WHAT TO DO – A faithful copy of the entries is needed, one that leaves out the pictures.

(Crawled caption data)
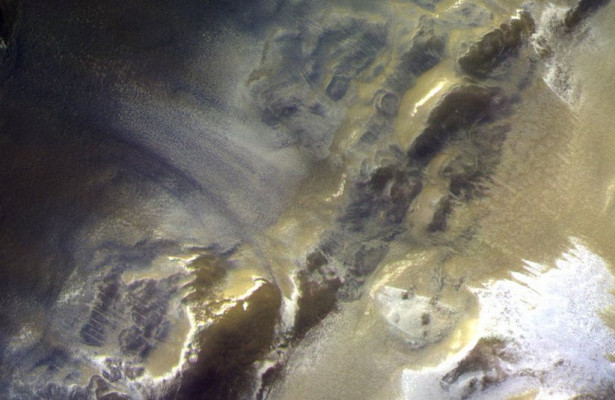 Получены первые цветные фотографии Марса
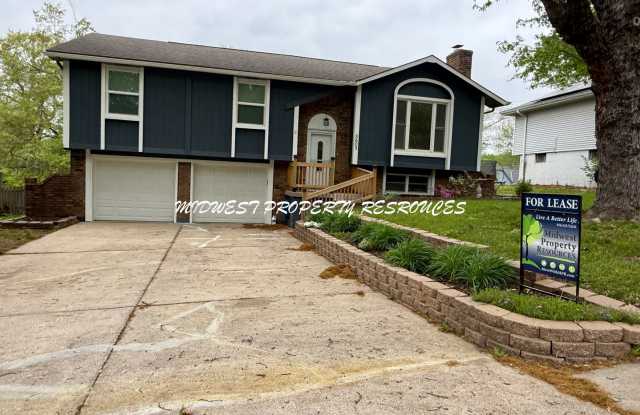 Charming Split-Level Home with Modern Upgrades – Blue Springs Schools! - 3602 Northeast Chapel Drive, Lee's Summit, MO 64064 Charming Split-Level Home with Modern Upgrades – Blue Springs Schools! - 3602 Northeast Chapel Drive, Lee's Summit, MO 64064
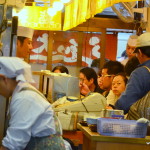 Les sushis du marché au poisson sont très réputés, et le prix s'en fait ressentir... 500 yens LE sushi, il faut pas l'avaler de travers !
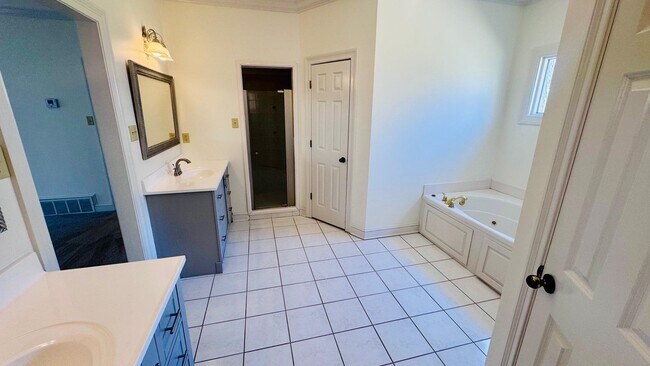 Building Photo - 565 Schaeffer Loop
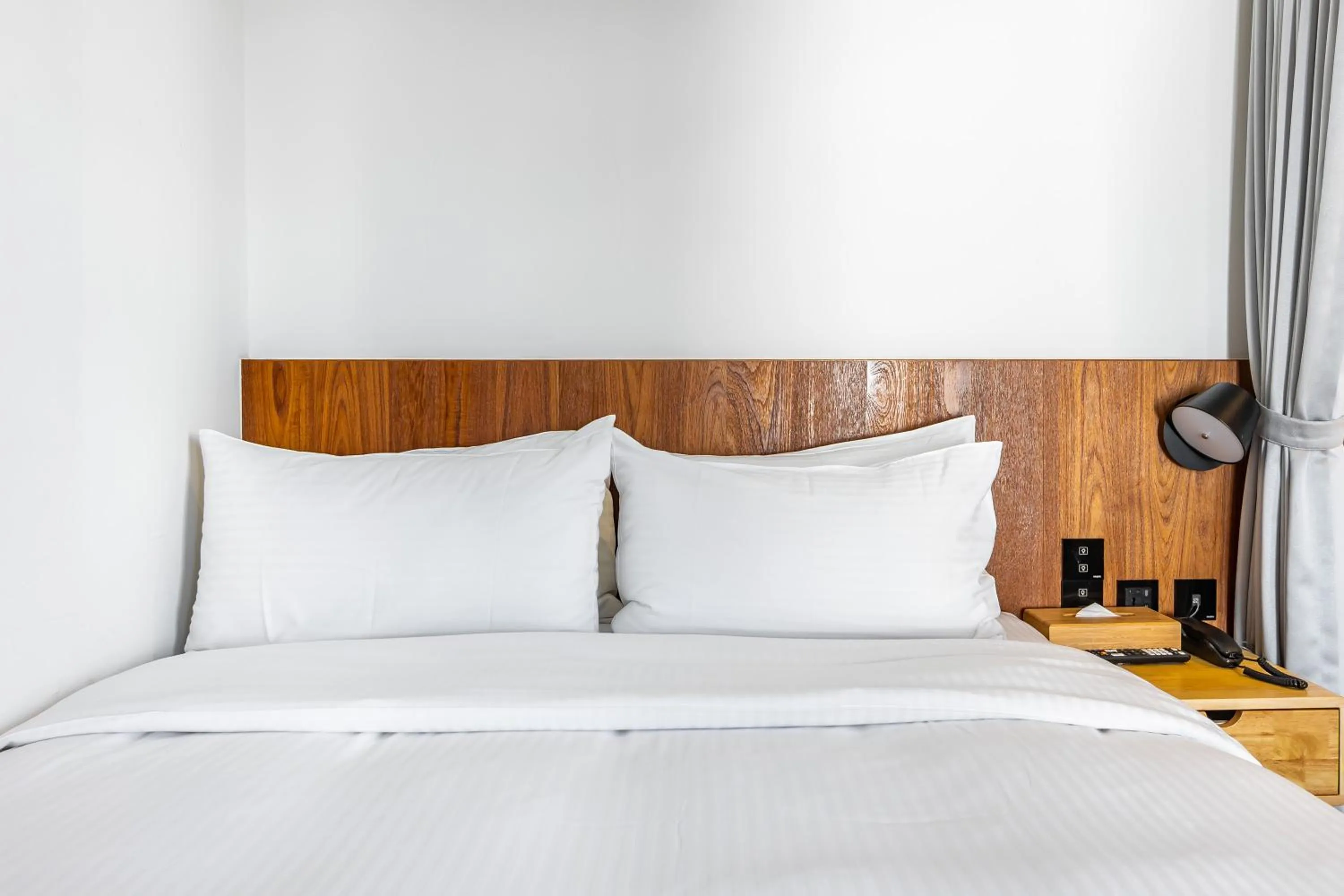 Bed in Kenting Sea Wall 112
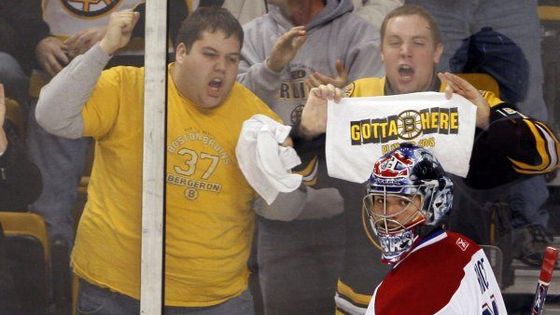 Chobotnice, čepice i pohár z alobalu. Tak se fandí v NHL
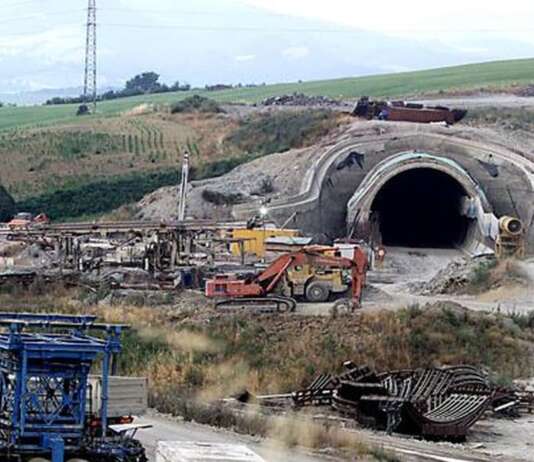 Soldi nei panettoni e operai sfruttati: cosa succedeva nei cantieri dell’Alta Velocità Napoli-Bari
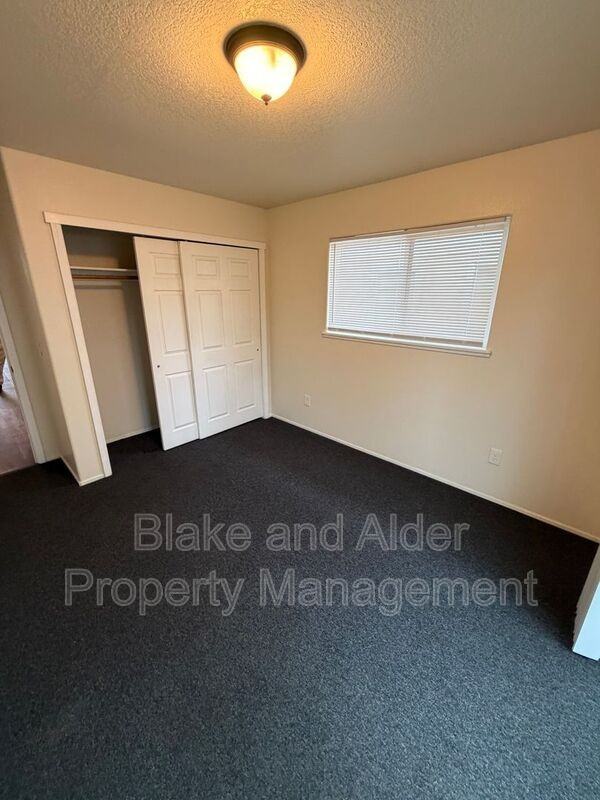 13637 Se Center St - Photo 6 of 14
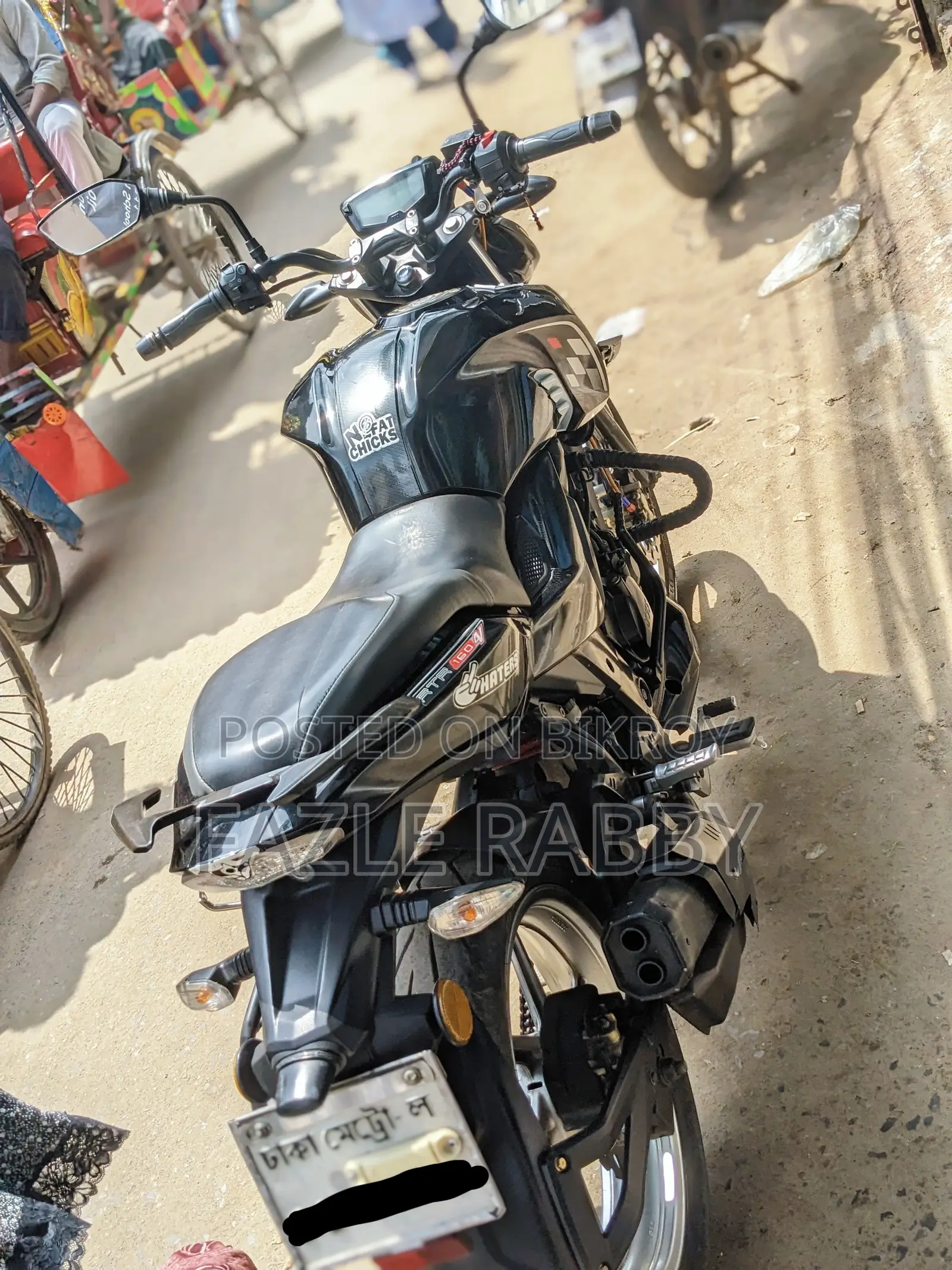 টিভিএস আপাচি আরটিআর ১৬০ ৪ভি ২০২১ কালো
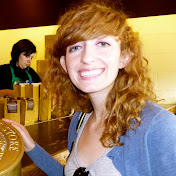 Profile Picture of Renee Reynolds (@redheadrenee) on Youtube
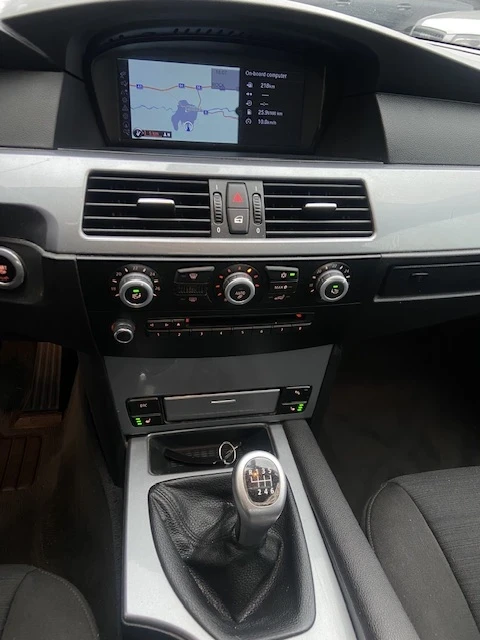 BMW 523 2.5i-190кс-FACELIFT-2009г-СЕДАН-ГЕРМАНИЯ-TUV - изображение 8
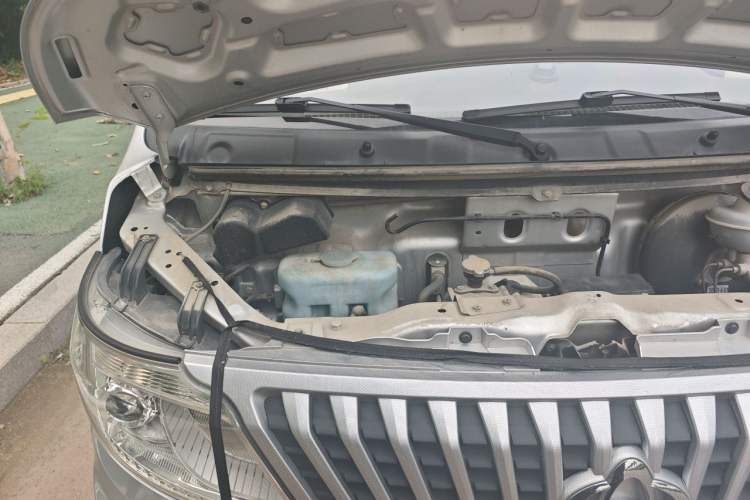 Used CHANGAN KUAYUE V5  Engine Bay Right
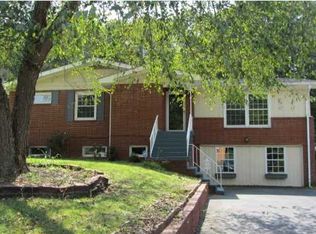 128 Coffman Dr, Fort Oglethorpe, GA 30742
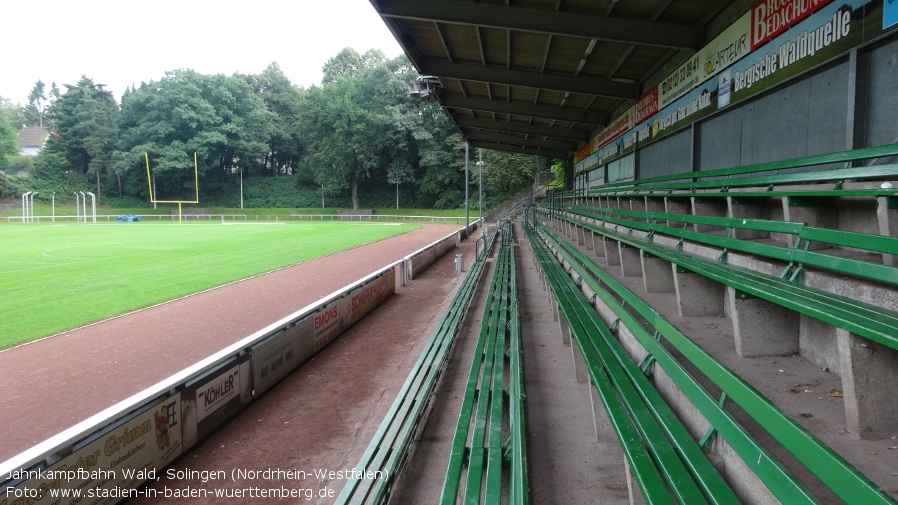 Jahnkampfbahn (Walder Stadion), Solingen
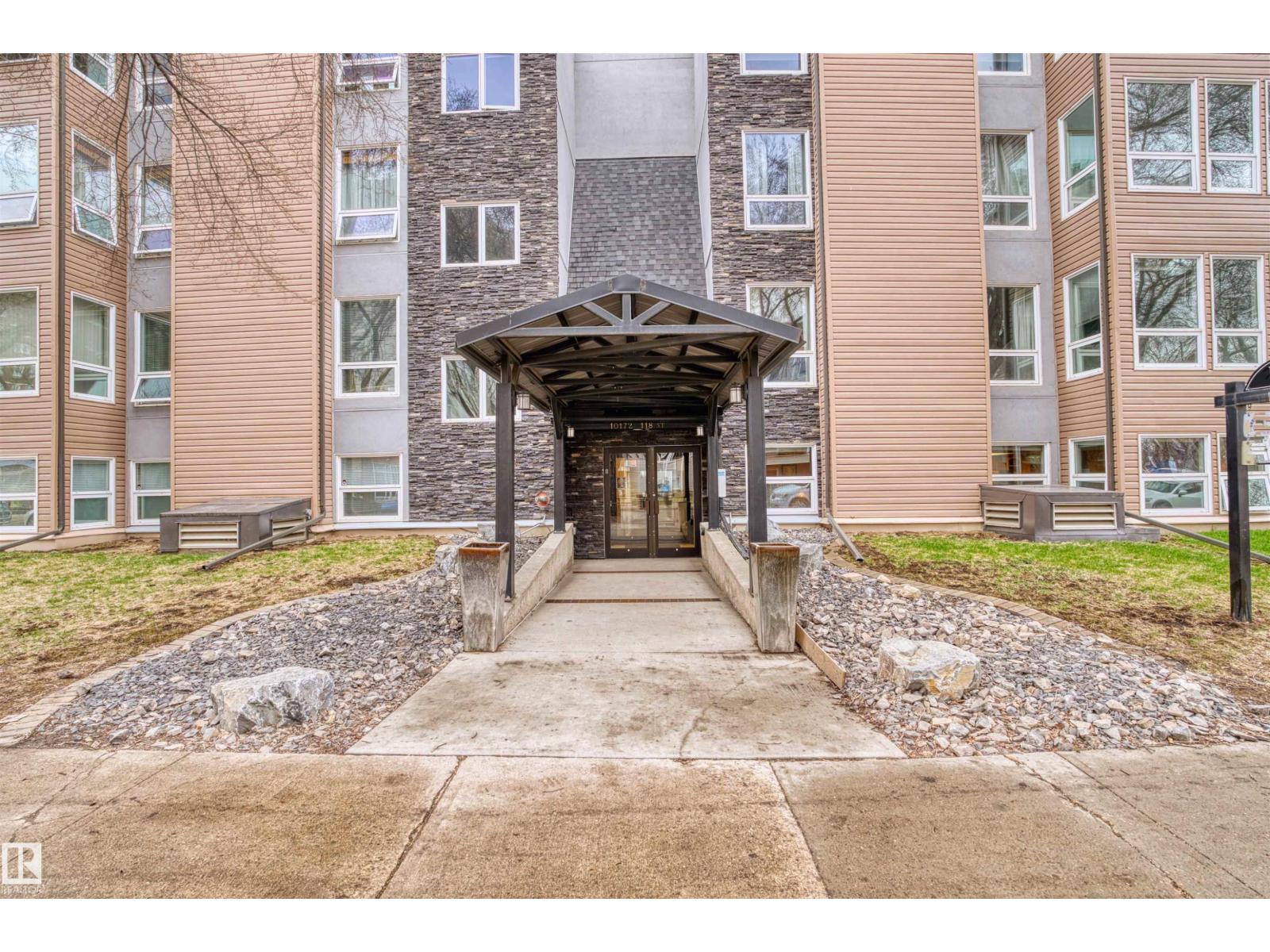 #11 10172 118 ST NW - 18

ANSWER SECTION –
 Получены первые цветные фотографии Марса
 Charming Split-Level Home with Modern Upgrades – Blue Springs Schools! - 3602 Northeast Chapel Drive, Lee's Summit, MO 64064 Charming Split-Level Home with Modern Upgrades – Blue Springs Schools! - 3602 Northeast Chapel Drive, Lee's Summit, MO 64064
 Les sushis du marché au poisson sont très réputés, et le prix s'en fait ressentir... 500 yens LE sushi, il faut pas l'avaler de travers !
 Building Photo - 565 Schaeffer Loop
 Bed in Kenting Sea Wall 112
 Chobotnice, čepice i pohár z alobalu. Tak se fandí v NHL
 Soldi nei panettoni e operai sfruttati: cosa succedeva nei cantieri dell’Alta Velocità Napoli-Bari
 13637 Se Center St - Photo 6 of 14
 টিভিএস আপাচি আরটিআর ১৬০ ৪ভি ২০২১ কালো
 Profile Picture of Renee Reynolds (@redheadrenee) on Youtube
 BMW 523 2.5i-190кс-FACELIFT-2009г-СЕДАН-ГЕРМАНИЯ-TUV - изображение 8
 Used CHANGAN KUAYUE V5  Engine Bay Right
 128 Coffman Dr, Fort Oglethorpe, GA 30742
 Jahnkampfbahn (Walder Stadion), Solingen
 #11 10172 118 ST NW - 18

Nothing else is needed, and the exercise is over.